Sometimes the tough questions can give us pause. Recently, a mom reached out with what she thought was a quick question. She just wanted “a list” – a list of colleges her son should apply to. Could we help?
Because we never assume that we can help without knowing a lot more, we probed a bit to identify a few key criteria for an effective college search and to learn more about her son’s current high school situation—does he enjoy school, how is he doing academically, etc. When asked about his thoughts on a career/major, mom responded that he had no idea.
“But that is not why I called!” I could tell she was getting frustrated. “We need help making the college list.”
We had come to the proverbial fork in the road.
To make a great list of colleges, either this family was willing to dig into the next questions – the very important (and tougher) questions – now, or they were going to plow ahead blindly.
- How excited is he about four more years of school?
- How will he eventually pick a major and set some career/first job role goals?
- What can he share (as specifically as possible) about the criteria driving the college search process?
- Is he willing to be honest, frank, and upfront with what he wants from his college experience and life after college?

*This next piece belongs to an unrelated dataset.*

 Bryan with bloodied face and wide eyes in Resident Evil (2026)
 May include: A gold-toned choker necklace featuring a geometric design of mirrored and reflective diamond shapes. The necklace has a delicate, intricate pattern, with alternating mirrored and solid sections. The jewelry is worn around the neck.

These questions MUST BE ASKED and answered. The sooner families engage with this thinking, the better. Putting it off, hoping they figure it out, or believing the story your kid is telling (even if you know it’s not backed with any substance) will only lead to these very same questions later.
The right “list of colleges” for your child is driven by the answers to these questions.
The high school years offer countless opportunities for kids to experience the “stuff” that will guide them to confident and clearer choices at the end of high school. And, as hard as it may be to do, sometimes we have to remember that there are many paths to success. Our children’s path may not look like our own or the one we had in mind for them.
To help families, we constantly share in our newsletter, social media, and programming the myriad ways students can take advantage of their high school years by exploring all that is available and that interests them.
So, how can we help this family?
Without a clearer picture of why a child goes to college, we can’t help them know how to build an effective list of colleges. We’d suggest that the student engage in some important thinking, and the best method we know is our Guided Self Assessment process. It’s a verbal interview-based process that the student completes while paired with an unbiased “guide” (an At The Core facilitator). It’s kind of the opposite of an online assessment – it’s words, eye contact, listening and probing, non-verbal clues, connections, ah-ha moments. Our work with the student yields tangible results and a roadmap for the family. There’s really nothing else like it.
Not all parents are ready for this deeper thinking.
We don’t blame them. As humans, we often want the quicker, easier answer. The questions we posed above are hard (or harder) to answer than the “what is a good list of colleges?” question. But you can’t get the answer to one without the answers to the others.
Guided Self Assessment is a deliberate exploration of a student’s experiences, aspirations, and uncertainties. We sort and sift. We launch the student into career research and information gathering with guided support. This deeper thinking is hard, and that’s why we have a guide to lead the process.
In the end, we all want the same things: to move forward after high school to the next step with confidence and clarity. A step taken with a solid sense of “this is right because…” After years of serving families, we know this will not magically happen. It does take work. And as parents ourselves, we think it’s among the most important work we can do with and for our children.